Man’s best friend will likely follow his master anywhere --even to Mars.

NASA recently released an artist’s perspective of the first Mars inhabitants from Earth, and it includes a dog dressed in his own spacesuit. This got some people speculating if the space agency plans to include a furry four-legged companion in its future journey to the Red Planet.

NASA’s different illustrations show various scenes of humans making it to another surface apart from Earth. There’s a photo of an astronaut floating inside a lunar space station with the moon behind her. Another shows a lunar explorer that steadies a camera on a tripod to take a picture of Earth. And another image depicts an astronaut standing on the red Martian surface with a dog by her side.

According to The Atlantic, NASA’s current plans to once more travel to the moon and Mars do not include a canine companion. The agency recently shared that it aims to once more dominate the space industry by revealing plans to reach the moon and the Red Planet sometime in the year 2030. For this, they could be working on several private space groups who are part of the agency’s commercial space program.

Now, although there are no concrete plans or announcements about sending dogs to space, the idea does have merit. Various space agencies have been sending dogs to space from the 1950s to the 1960s as part of a general space study.

The Soviet Union, for example, trained a dog named Bobik to travel to space. However, days before the launch, the dog ran away so the Russian space agency had to snatch a stray dog from the street and send that instead.
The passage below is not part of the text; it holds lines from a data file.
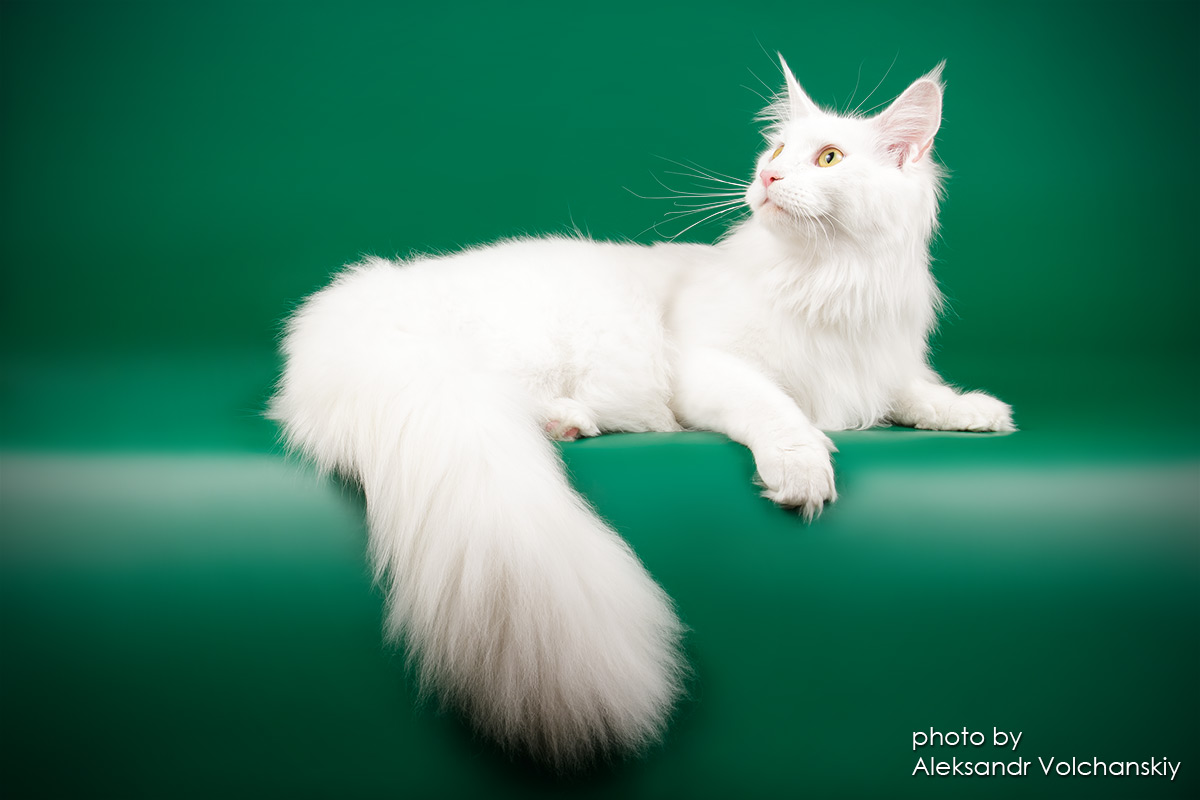 IPR. Warm Place Majesty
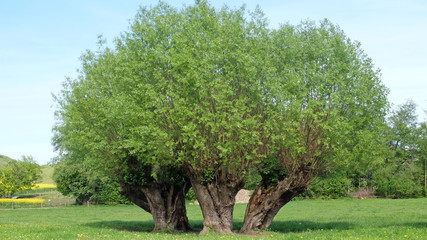 Gruppe von Kopfweiden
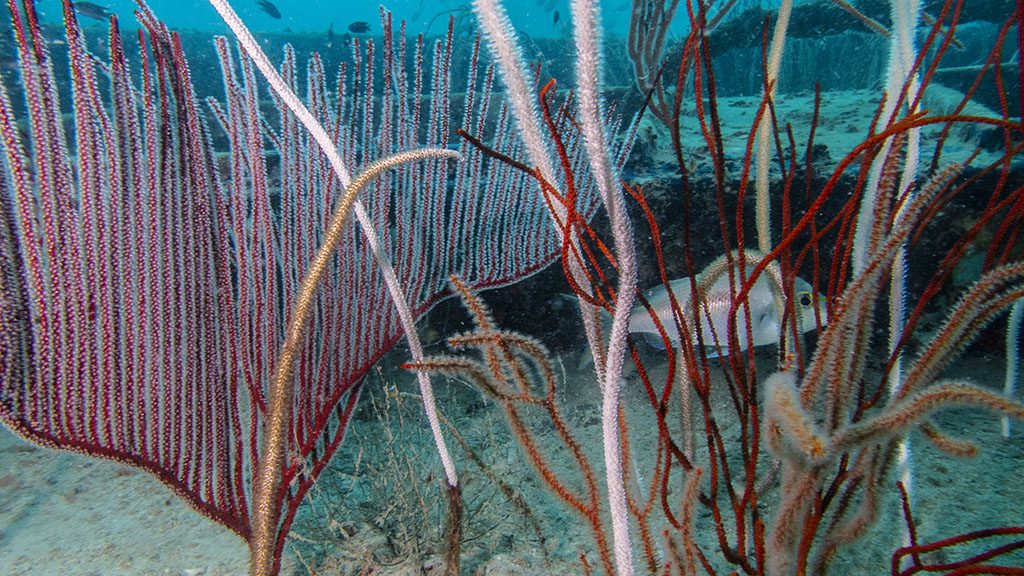 Ombak dive resort perhentian island malaysia credit pt hirschfield shipwreck soft corals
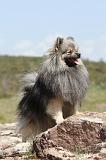 SPITZ ALLEMAND 032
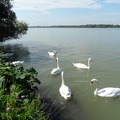  Wildlife of the Donau 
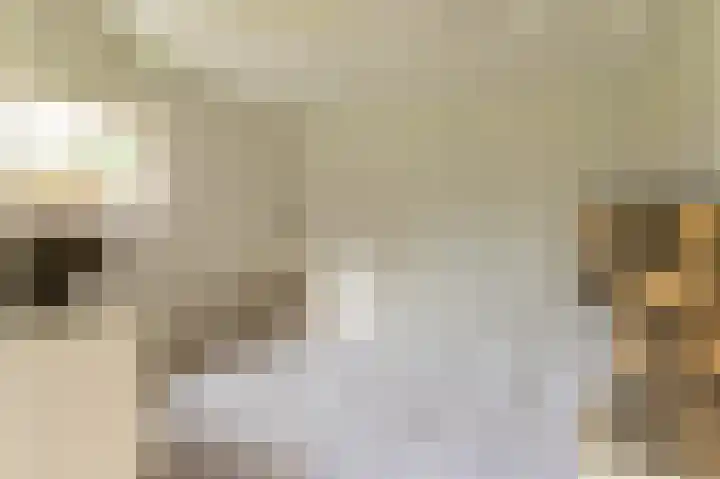 Waalbandijk 31 Neerijnen thumbnail 34
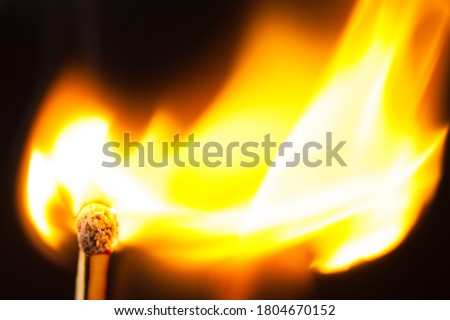 Attention, dangerously ignite a match in the woods, lawn large fire flame black background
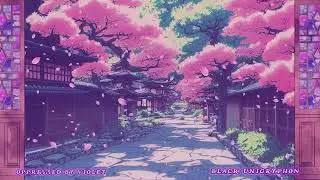 Sakura Bloom Street 001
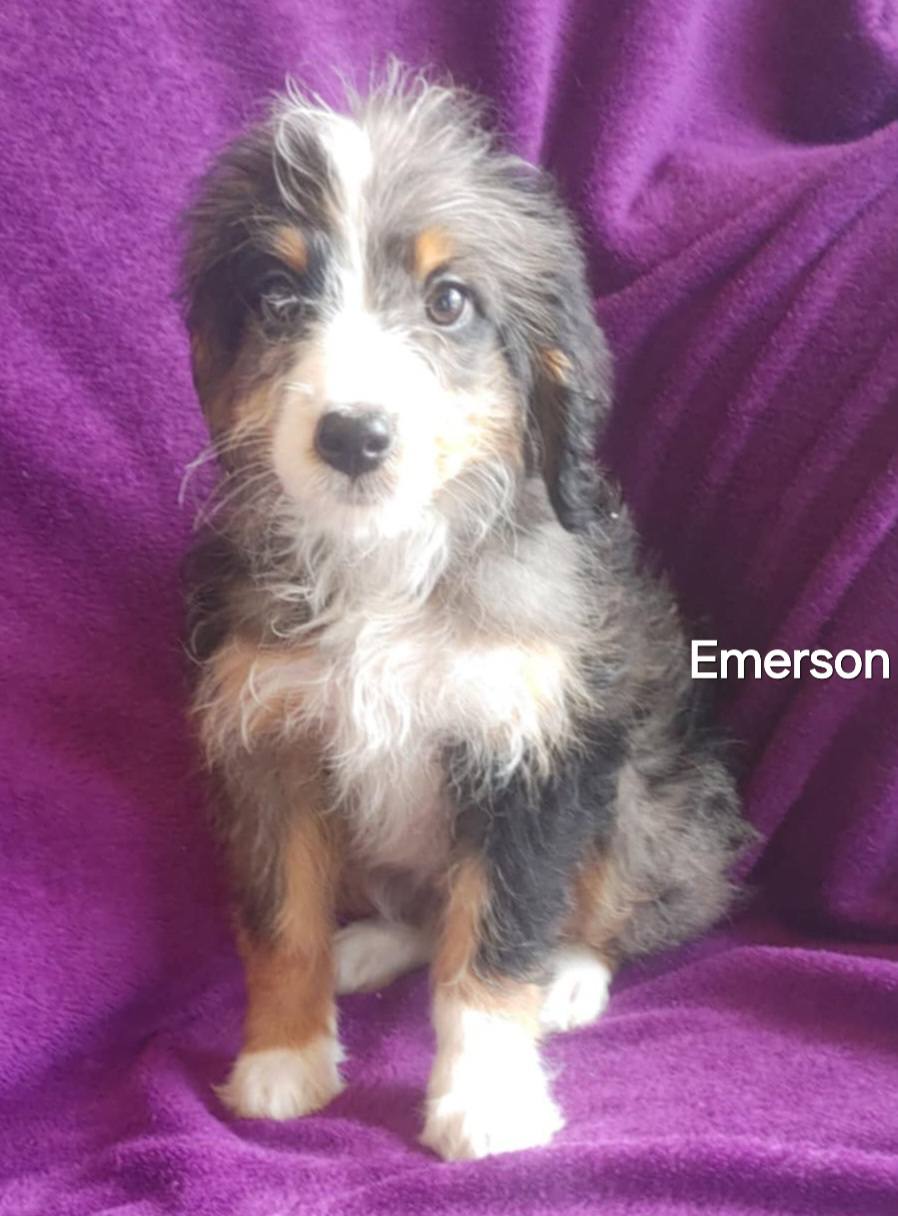 Emerson - The Road Home Animal Project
The dog named ZIB, a Russian acronym that means “substitute for the vanished Bobik,” went to space and got back to Earth safely.

Zib, however, only reached sub-orbital space. The first real dog to ever reach the outer regions is a dog named Laika. Laika was able to circle the Earth through space and stayed for five months. Laika did not survive the journey because the capsule ran out of oxygen after a week.

Now, the NASA illustration seemed to suggest that should a dog be included in the Mars mission, they won’t be test subjects anymore but companions. This is something that Clive Wynne, a psychology professor at Arizona State University who studies canine behavior, said wouldn’t work.

A Mars mission would most likely mean going to the Red Planet in a very cramped and uncomfortable capsule. It would be hard for astronauts to experience the space travel, much more for a creature that doesn’t understand what’s going on.

So a Mars mission with a canine companion is very unlikely for now. But once massive ships like the USS Enterprise gets built, then dogs might stand a chance to survive the journey. Until then, our furry friends can just continue enjoying the fields of Earth at the moment.